Apalagi, kata Giri, beberapa waktu lalu sempat muncul pernyataan kontroversi kepala daerah yang takut kena OTT KPK.
Walaupun tidak menyebutkan nama, diduga kepala daerah yang dimaksud Giri yakni Bupati Banyumas, Achmad Husein.
"Masyarakat udah susah, jangan diberi resah kayak relaksasi. Setelah kemarin kepala daerah menyampaikan bahwa 'Jangan di-OTT dulu, dikasih tahu dulu'. Menurut saya, itu tindak pidana tersendiri."
"Ketika seseorang dilakukan penindakan, lalu kita hentikan. Orang yang menghentikan itu dipidana dengan nama obstraction justice menghalangi penegakan hukum," jelas Giri.
Baca juga: KPK Telusuri Aliran Dana yang Diterima Bupati HSU dari Pelaksanaan Proyek di Dinas PUPRP
Giri pun memberi contoh 2 negara tetangga, Singapura dan Hongkong, yang sempat dilanda tingginya kasus korupsi yang dilakukan pejabat hukumnya sendiri.
Kedua negara itu pun disebutkan berhasil memberantas korupsi.
Untuk itu, menurut Giri, salah satu strategi baik dalam memberantas korupsi, justru membersihkan tindakan korupsi di kalangan penegak hukum.

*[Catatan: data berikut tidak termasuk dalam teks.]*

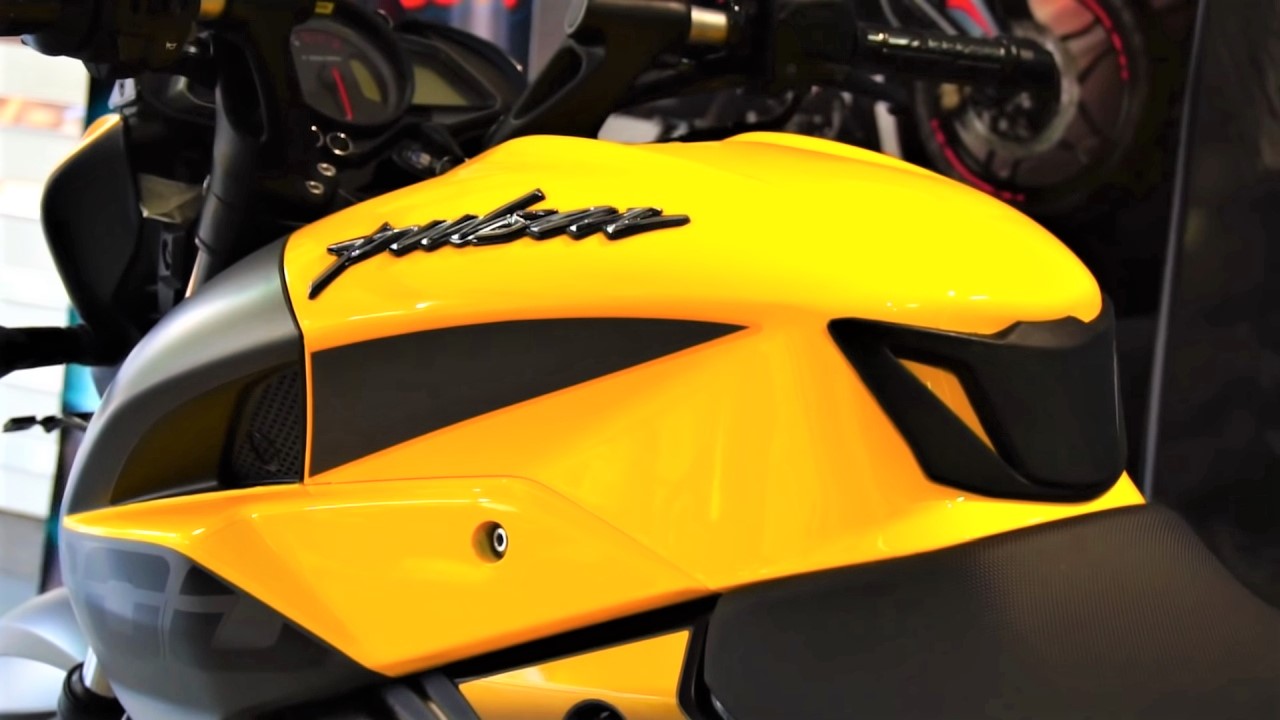 Is Bajaj Auto Planning to Relaunch the Fiery Yellow Pulsar NS200 in India? - photo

"Membersihkan penegak hukum dahulu, bagaimana seseorang yang harusnya menegakkan hukum kenapa melanggar hukum. Apalagi dilarang di-OTT," imbuhnya.

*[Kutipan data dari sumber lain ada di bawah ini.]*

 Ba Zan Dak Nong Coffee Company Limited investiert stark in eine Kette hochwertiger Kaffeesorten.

Baca juga: Profil Arteria Dahlan, Dikritik Imbas Pernyataannya soal Penegak Hukum Tak Boleh Di-OTT
Giri mempersilakan Arteria mengeluarkan pendapatnya itu sebagai pandangan pribadi.

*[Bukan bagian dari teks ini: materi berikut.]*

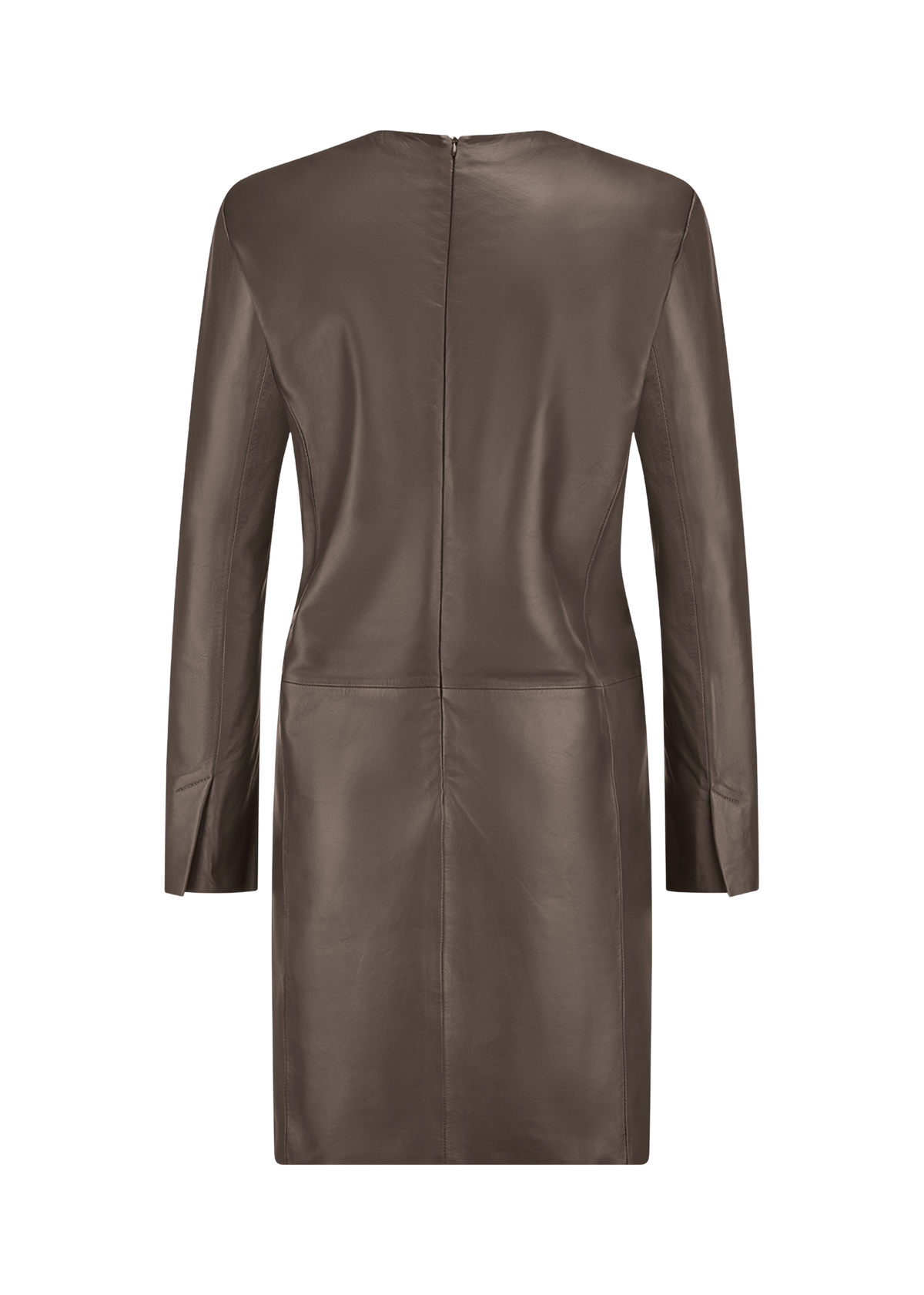Lederkleid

Namun, jika pernyataan Arteria menjadi pendapat seluruh anggota DPR, Giri tidak setuju
"Kalau jadi pendapat komisi atau anggota yang mewakili rakyat ini, kami keberatan. OTT adalah hal yang terbaik," tandasnya.
Sebelumnya, Anggota Komisi III DPR RI, Arteria Dahlan, mendapat kritikan dari sejumlah pihak akibat pernyataannya.
Arteria menyebut polisi, jaksa, dan hakim yang bertugas di Indonesia tidak seharusnya menjadi objek Operasi Tangkap Tangan (OTT) kasus dugaan korupsi.
Ia menilai aparat penegak hukum tersebut merupakan representasi simbol negara.
"Bukan karena kita pro-koruptor, karena mereka adalah simbol-simbol negara di bidang penegakan hukum," kata Arteria dalam diskusi bertajuk Hukuman Mati bagi Koruptor, Terimplementasikah? pada Kamis (18/11/2021), mleansir Tribunnews.com
Terkait pernyataannya itu, Arteria Dahlan tetap membenarkan apa yang ia sampaikan.
Ia mengatakan alasan para penegak hukum tak boleh di-OTT lantaran mereka adalah simbol negara yang perlu dijaga marwah kehormatannya.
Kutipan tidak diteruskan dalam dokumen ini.